Come and hear me read from my new novel – published this month.

I shall be reading from my about to be published novel, Blue Notes, Still Frames,  (Ward Wood Publishing –  http://wardwoodpublishing.co.uk/titles-fiction-colin-bell-blue-notes-still-frames.htm ) on Thursday the 12th January here in Lewes UK.  If you can make it, it would be great to see you there.

I’m waiting neurotically for the printed copies to arrive and also for the Kindle edition to be published. Exciting times.  This will be my second Brighton novel. My first, Stephen Dearsley’s Summer of Love, was set in 1967,  but, this time, it’s in the year 1994. Here’s the blurb that will appear on the back cover:

‘Colin Bell transports us back to Brighton in 1994 for his second novel Blue Notes, Still Frames, with a full cast of characters drawn together through the music and photography of the title.

Busker Joe lives on the beach with his flute and his troubled Goth girlfriend, Victoria, who’s a singer. He borrows a bath towel for her from Rachel and Alan, a prosperous young couple from the rapidly growing world of computers. The meeting will change all their lives…and other lives too.

There’s Harry, a beach bum drummer; Nico, a transient American who takes revealing photographs of passers-by; Kanti and Diep, mysterious artist twins from Nepal; Lionel and John who reveal more than their bodies on the nudist beach; and pub landladies Jacqueline and Rosemary who top up their income by dabbling in the sex trade.

Joe is always there, weaving more than  melodies with his flute.’

The reading will take place at the Needlemakers in Lewes, the splendid quarterly literary event where I was invited to read from my first novel too.

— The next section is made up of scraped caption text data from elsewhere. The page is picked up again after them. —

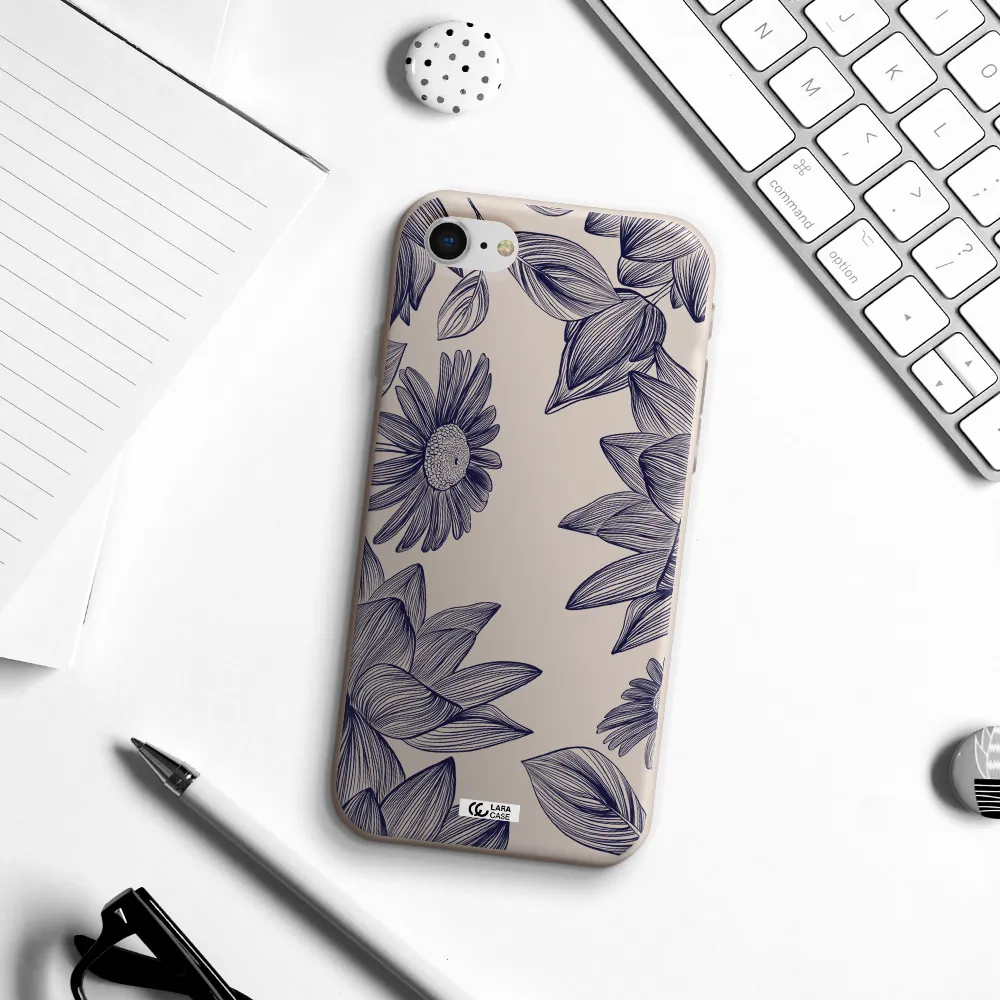 Blue Line Flower Apple iPhone se 2020 Silicone Stone Case
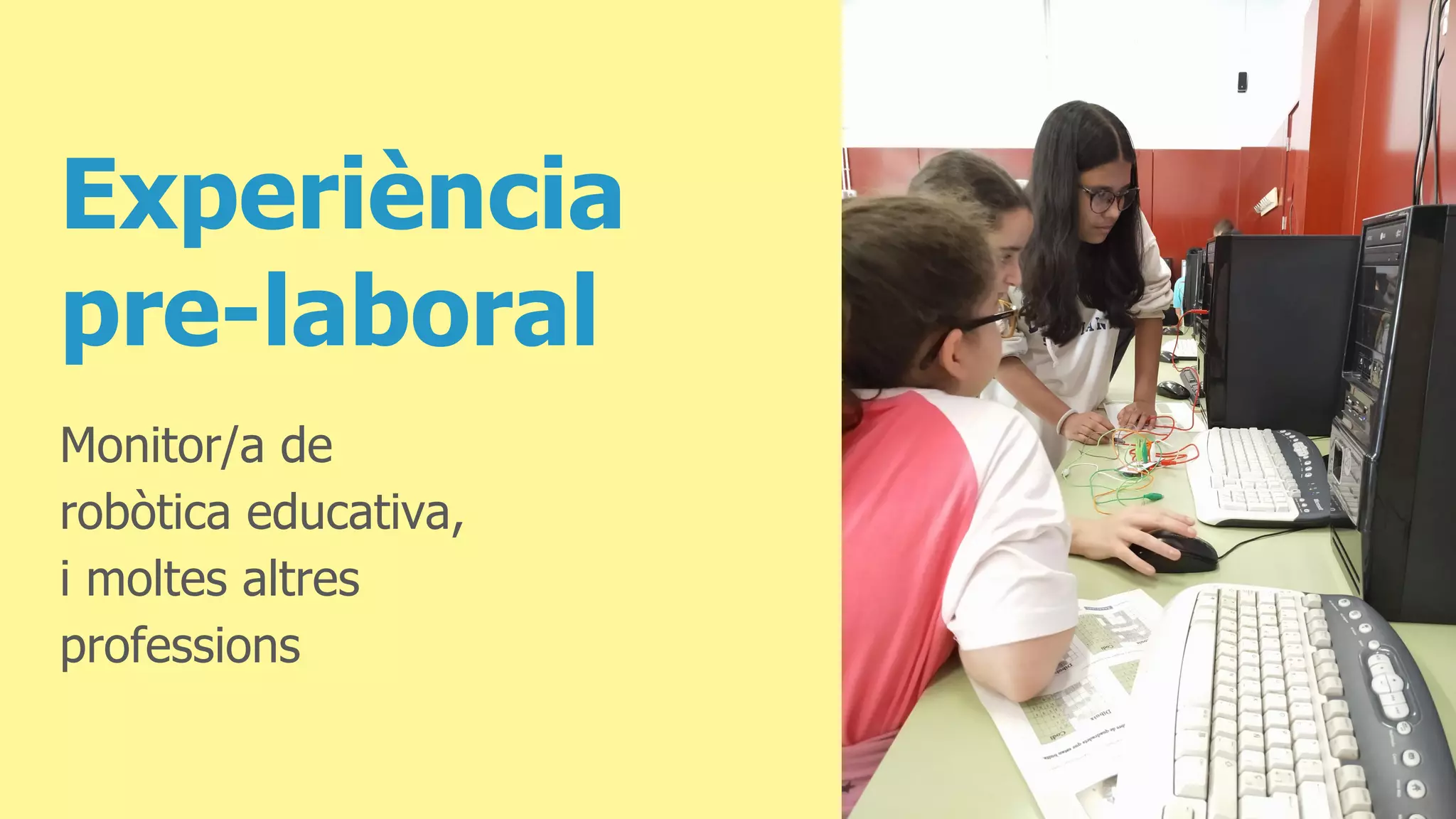 Experiència
pre-laboral
Monitor/a de
robòtica educativa,
i moltes altres
professions
 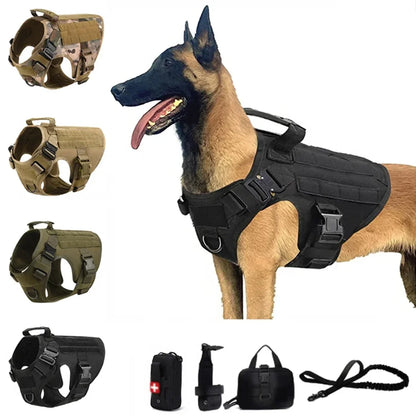 CANBOUN Tactical Military Vest Pet German Shepherd Golden Retriever Tactical Training Dog Harness And Leash Set For All Breeds D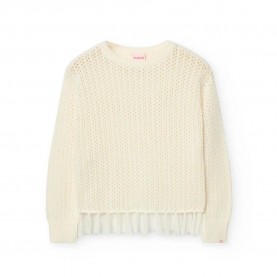 Блуза Boboli Knitwear sweater - Beige (Chemical White) блуза,мъжки,пуловери,дамски,пуловери,boboli,knitwear,sweater,beige,(chemical,white)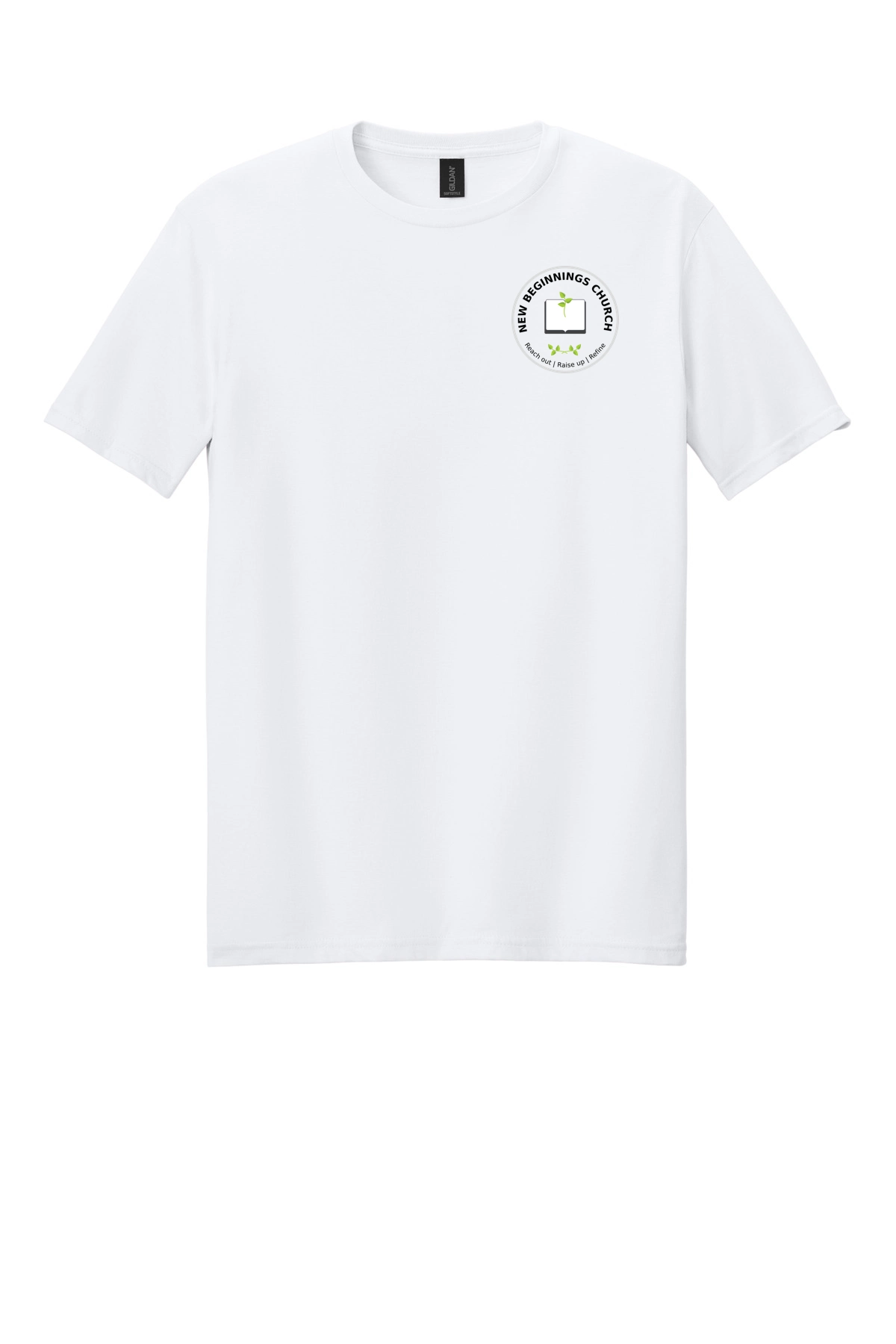 Variant Image for 64000 - Gildan Softstyle® T-Shirt - NBC - White-Tan - Website New Beginning Church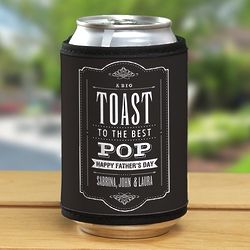 Personalized Toast to Dad Can Koozie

I’m lucky to be sharing the billing with a friend, the novelist and poet, Kay Syrad and science fiction author Matthew De Abaitua. It should be an entertaining evening.

Matthew De Abaitua is an Arthur C Clarke Award shortlisted author of science fiction. His second novel If Then is set in Lewes in the near-future and was written in the flat above the Needlemakers. Locus described it as ‘full of magisterial weirdness, melancholy joy and hopeful terror. If I begin to toss out names like Adam Roberts, Brian Aldiss, and J. G. Ballard, I will not be lavishing undue praise.’

Kay Syrad’s publications include a poetry collection, Double Edge (2012), two novels, The Milliner and the Phrenologist (2009) and Send (2015), which investigates pre-verbal experience; and Exchange, an art-text work with Chris Drury (2015). Her artist’s book work of the lightship men: 1000 tasks (2013) was bought by the National Maritime Museum. She is Poetry Editor of Envoi and co-founder of the VERT Institute for art events & writing in Laughton.

 

Before becoming a writer, Colin Bell worked as a TV producer-director and executive producer making arts programmes for ITV, Channel Four, the BBC and also for American, Japanese and German broadcasters. His first novel, Stephen Dearsley’s Summer of Love (Ward Wood Publishing, 2013) was long-listed for the Polari Prize. His second novel, Blue Notes, Still Frames is due out in January. His poetry has been published in the UK and the USA where it has been nominated for the 2017 Pushcart Prize.